Perhaps this is a distraction unique to the solemnly-stodgy liturgical denominations, those in the odd habit of sitting in pews and looking forwards. I mean, of course, Distraction By Baby. There you are, happily staring down the liturgy, when over the shoulder in front of you rises a cherubic glitter of eyes and cheeks, some gurgle of joy or hunger – who knows which is which – and you are left with a conundrum. Baby or God?

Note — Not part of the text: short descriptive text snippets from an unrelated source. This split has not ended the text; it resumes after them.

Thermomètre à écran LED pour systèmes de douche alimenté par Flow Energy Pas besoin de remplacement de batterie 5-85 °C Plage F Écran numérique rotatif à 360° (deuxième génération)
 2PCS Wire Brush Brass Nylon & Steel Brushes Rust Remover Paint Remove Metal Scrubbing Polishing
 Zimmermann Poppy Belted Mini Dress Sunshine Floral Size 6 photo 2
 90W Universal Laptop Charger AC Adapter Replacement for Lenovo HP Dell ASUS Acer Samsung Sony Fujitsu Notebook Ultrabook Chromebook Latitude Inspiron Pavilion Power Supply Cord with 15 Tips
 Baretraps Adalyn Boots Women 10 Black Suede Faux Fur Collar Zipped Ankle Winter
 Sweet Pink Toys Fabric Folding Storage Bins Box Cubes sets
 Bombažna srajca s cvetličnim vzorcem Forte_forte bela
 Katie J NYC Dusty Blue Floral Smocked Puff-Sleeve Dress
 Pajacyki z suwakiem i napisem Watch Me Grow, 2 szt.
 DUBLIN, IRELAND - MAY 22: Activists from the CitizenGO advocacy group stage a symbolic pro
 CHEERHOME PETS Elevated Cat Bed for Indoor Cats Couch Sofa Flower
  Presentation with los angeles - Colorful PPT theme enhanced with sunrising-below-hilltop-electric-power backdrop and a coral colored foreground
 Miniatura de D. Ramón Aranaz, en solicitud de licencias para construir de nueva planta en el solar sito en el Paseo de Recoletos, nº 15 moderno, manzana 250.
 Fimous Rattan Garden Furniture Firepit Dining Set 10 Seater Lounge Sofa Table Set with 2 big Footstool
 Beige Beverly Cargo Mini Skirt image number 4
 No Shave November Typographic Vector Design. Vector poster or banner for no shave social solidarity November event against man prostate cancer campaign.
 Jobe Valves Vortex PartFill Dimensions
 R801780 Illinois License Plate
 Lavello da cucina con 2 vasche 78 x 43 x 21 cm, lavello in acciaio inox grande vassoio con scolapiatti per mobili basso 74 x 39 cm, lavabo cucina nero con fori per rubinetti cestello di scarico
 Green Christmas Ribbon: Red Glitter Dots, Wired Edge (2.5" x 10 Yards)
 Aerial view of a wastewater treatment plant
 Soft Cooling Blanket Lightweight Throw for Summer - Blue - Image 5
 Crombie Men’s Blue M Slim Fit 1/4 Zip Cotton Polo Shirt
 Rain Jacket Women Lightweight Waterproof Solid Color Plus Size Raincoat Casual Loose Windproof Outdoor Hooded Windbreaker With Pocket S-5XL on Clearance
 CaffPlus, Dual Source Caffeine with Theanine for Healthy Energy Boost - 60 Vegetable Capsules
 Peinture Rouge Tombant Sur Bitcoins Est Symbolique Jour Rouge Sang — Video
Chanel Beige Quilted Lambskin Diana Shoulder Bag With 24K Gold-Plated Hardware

But of course, such a distraction is never really a distraction, and there exists no such conundrum between a baby and God. Babies, after all, are the most beautiful things in the world. Therefore, one might as well gaze upon a baby as a work of stained-glass in order to lift his heart to the Creator. I understand it’s a strike against my writing career that I only ever quote the same writer, but whatever, let Gilbert talk:
But the humorous look of children is perhaps the most endearing of all the bonds that hold the Cosmos together. Their top-heavy dignity is more touching than any humility; their solemnity gives us more hope for all things than a thousand carnivals of optimism; their large and lustrous eyes seem to hold all the stars in their astonishment; their fascinating absence of nose seems to give to us the most perfect hint of the humour that awaits us in the kingdom of heaven.
I cannot help but agree, these midget creatures destroy depression faster than a handle of Walker Percy’s favorite bourbon.
http://www.youtube.com/watch?v=CQo2FJPLeQk
So there I was, in divinely inspired and rapt contemplation of a baby. Actually, it was a child-toddler-young thing with a few teeth and spacial-awareness. Regardless, I was watching this child squirm in his father’s lap, and I noticed something strange. The father had him pinned across the belly with a big, strong carpenter’s arm, covered in that manly fleece of hair that as a child I was always fascinated by – and am still at least mildly jealous of, though I have no doubts in my eventual attainment of manhood – full of the veined, muscled strength of a father. What was interesting was that the child was certainly straining, one would hardly argue that, but he was not straining to be free of his father. He’d squirm against the strong arm, look up at his father’s face and smile. He’d squirm again. He tried no new tactics, no slipping under his father’s arm, no new and original squirm. He just repeated the same motion of pushing against his father’s arm, feeling the resistance of it, and settling back in his father’s lap, smiling. The father paid no mind; he simply held his child.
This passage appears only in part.